26 Jul 2004 | Lance Cpl. Aaron P. Mankin

A group of Marines go on patrol through a city in the middle of the afternoon.  They hold tight to their rifles as they keep a close eye on the buildings that seem to box them in.  A single shot rings out and echoes down the streets.  The Marines respond instantly as they hug the walls in packs and begin to yell out where the shot came from.  Their sights are narrowed to a single window on the second floor of City Hall.  A grenade is thrown at the building's base and releases a yellow screen of smoke shielding the Marine's attack.  They blitz City Hall in pairs as they climb through windows, flooding the building, to neutralize the threat inside.

This scenario was played out several times during the Basic Urban Skills Training course held at the Military Operations in Urban Terrain facility here July 19-30.  The two-week course took Marines from the classroom to the concrete, from lectures to live fire and from power point to pressure points. 

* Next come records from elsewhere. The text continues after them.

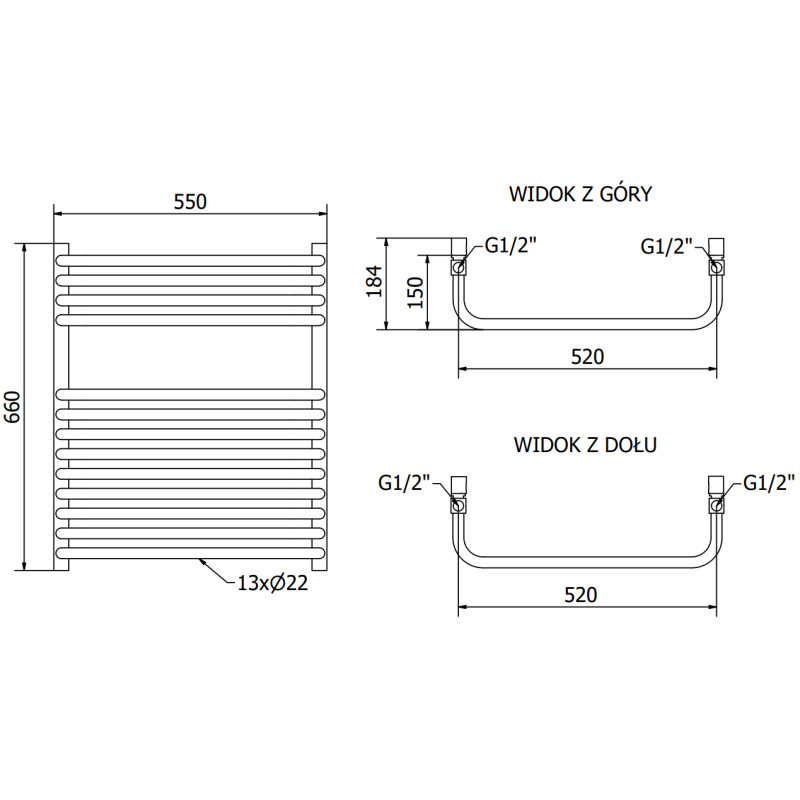 Mexen Apollo kúpeľňový radiátor 660 x 550 mm, 386 W, čierny - W117-0660-550-00-70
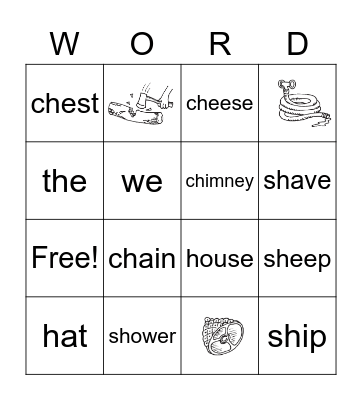 Word Study 21 Bingo Card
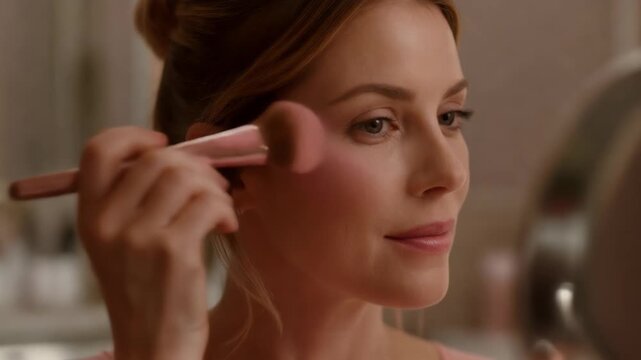 Close up of woman applying soft pink blush on cheek with makeup brush in a well-lit space enhancing smooth skin glow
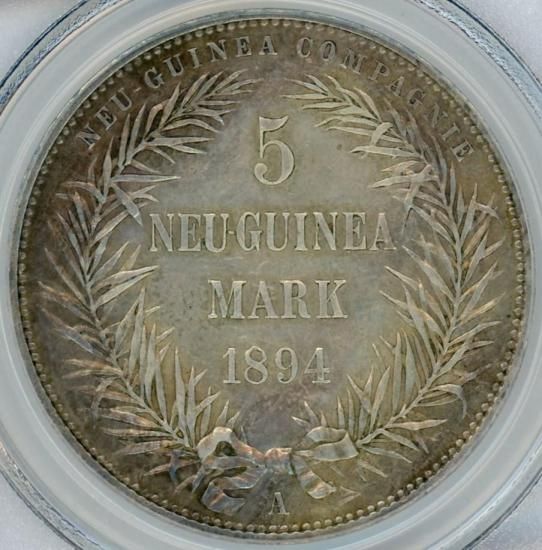 極楽鳥 ドイツ領ニューギニア5マルク銀貨 1894年A XF45/美品＋ 送料込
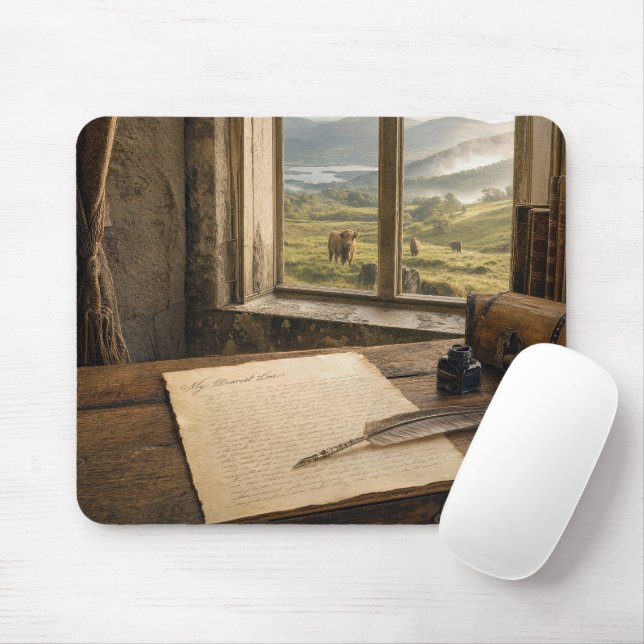 Love Letter and Quill Pen Mouse Mat (With Mouse)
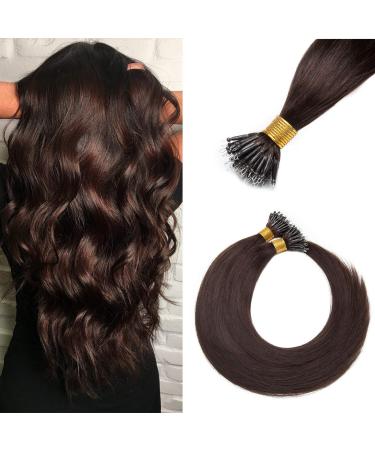 Nano Ring Hair Extensions 24inch 1g/s Pre Bonded 50g Nano Tip Bondings 100% Real Remy Human Hair #02 Dark Brown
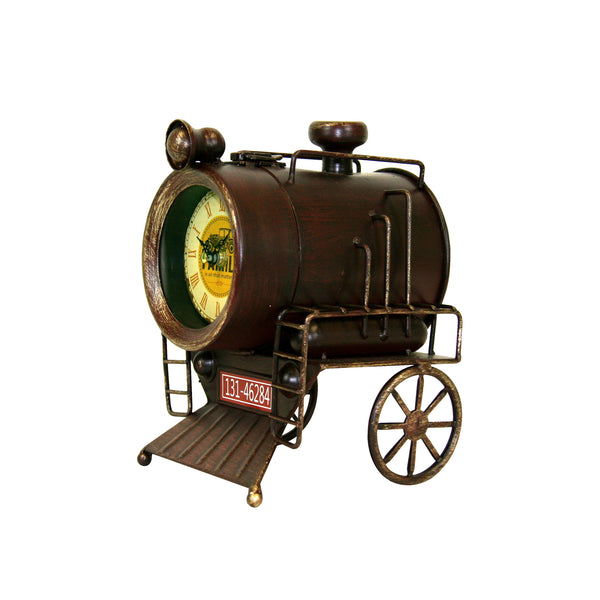 Rustic Bronze Locomotive Table Clock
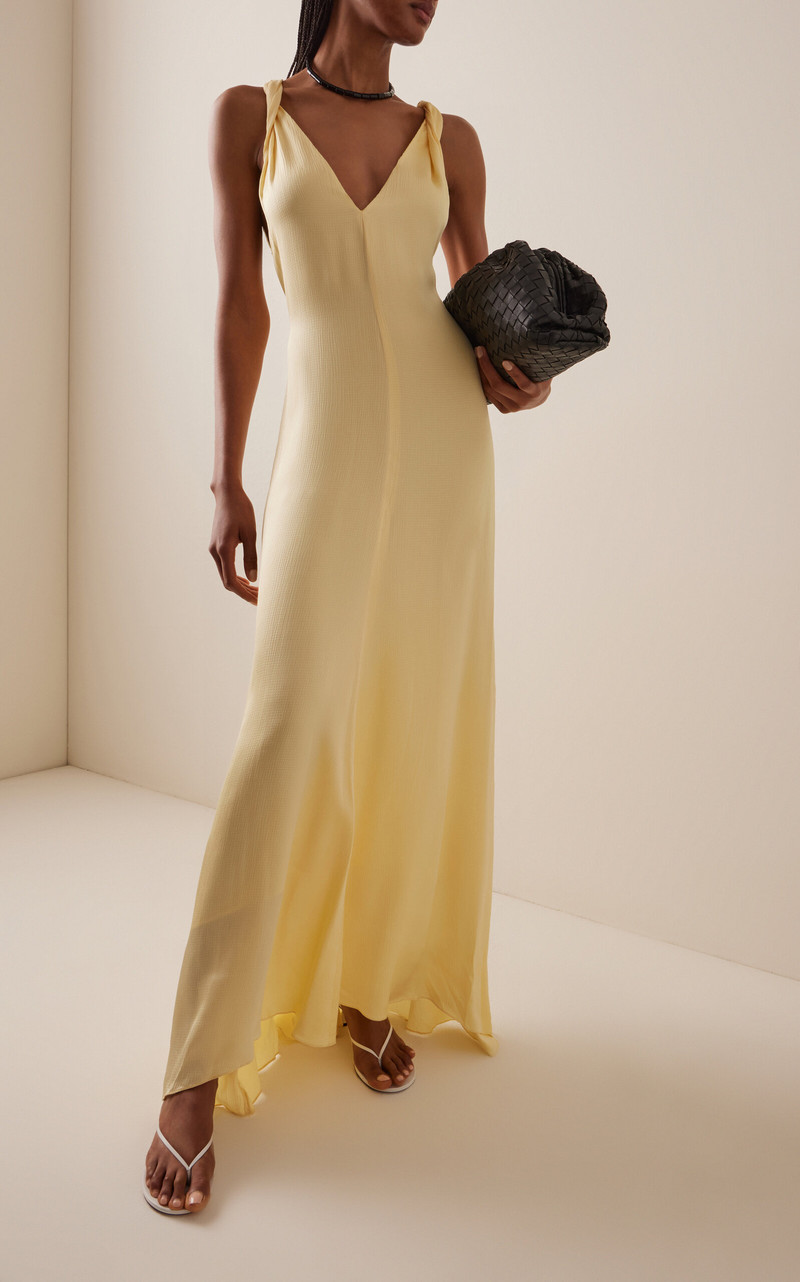 BONDI BORN Ardea Twist-Shoulder Hammered-Satin Maxi Dress yellow outlook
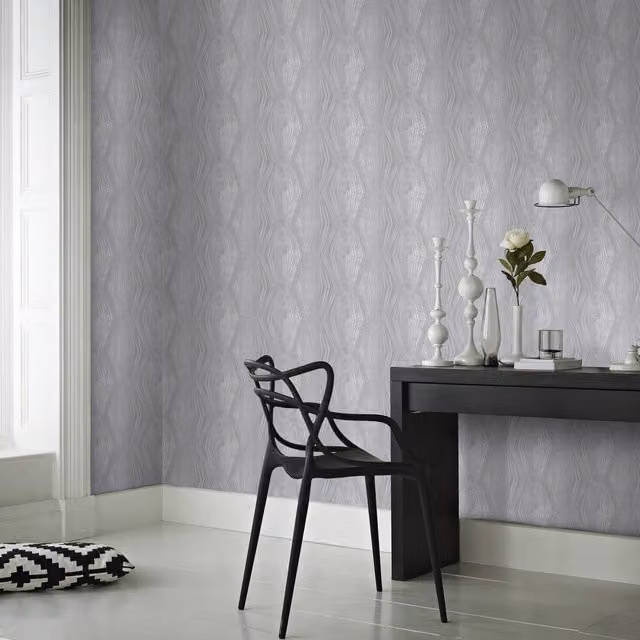 Boutique Vermeil Striped Abstract Wallpaper in Silver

The training involved Marines from several units, including 3rd Battalion, 2nd Marine Regiment; 2nd Battalion, 6th Marine Regiment; 124 Reserve and the 4th Marine Expeditionary Brigade.

"What we are teaching here is the basics," said Staff Sgt. Ricky Roseberry, a BUST course instructor for G Company, 3rd Battalion, 2nd Marines, 2nd Marine Division. 

"The Marines here are participating in BUST so they can go back to their units and teach their Marines what they have learned.  So when their units come to the MOUT facility, they will be the instructors," said Roseberry.

The instructors utilized a large model of the MOUT facility to allow the Marines to visualize the routes they were to take during their patrol of the city.  The course was structured to include a time of instruction where the Marines were taught the lesson and objectives of the day. 

"It's great for the learning process for them to know they are going to have to teach these techniques to someone else," said Roseberry

The United States has a long history of urban operations.  For the past 55 years Marines have been involved in urban warfare in World War II, Korea, Vietnam, Somalia, Bosnia, Kosovo and now Iraq.

"You have to have the basics if you want to succeed," said Staff Sgt. Brian P. Mullen, a BUST instructor for F Company, 2nd Battalion, 6th Marines.

"If you don't train for the mental mindset of not knowing what's around the corner, or not knowing if there is going to be weapon pointed at your chest when you open the door, there is no way you'll know how you would react in that situation," said Mullen.

The course stresses the importance of knowing the enemy.  Just as important, is to know the make-up and unique characteristics of the environments that will be faced by Marines.

"It's important the Marines in this course take away the ability to lead their squad into an urban battlefield and know what each man's responsibilities are.  Everyone should know what the next guy is supposed to do and be willing to do it.  We are here to get ready for war," said Mullen.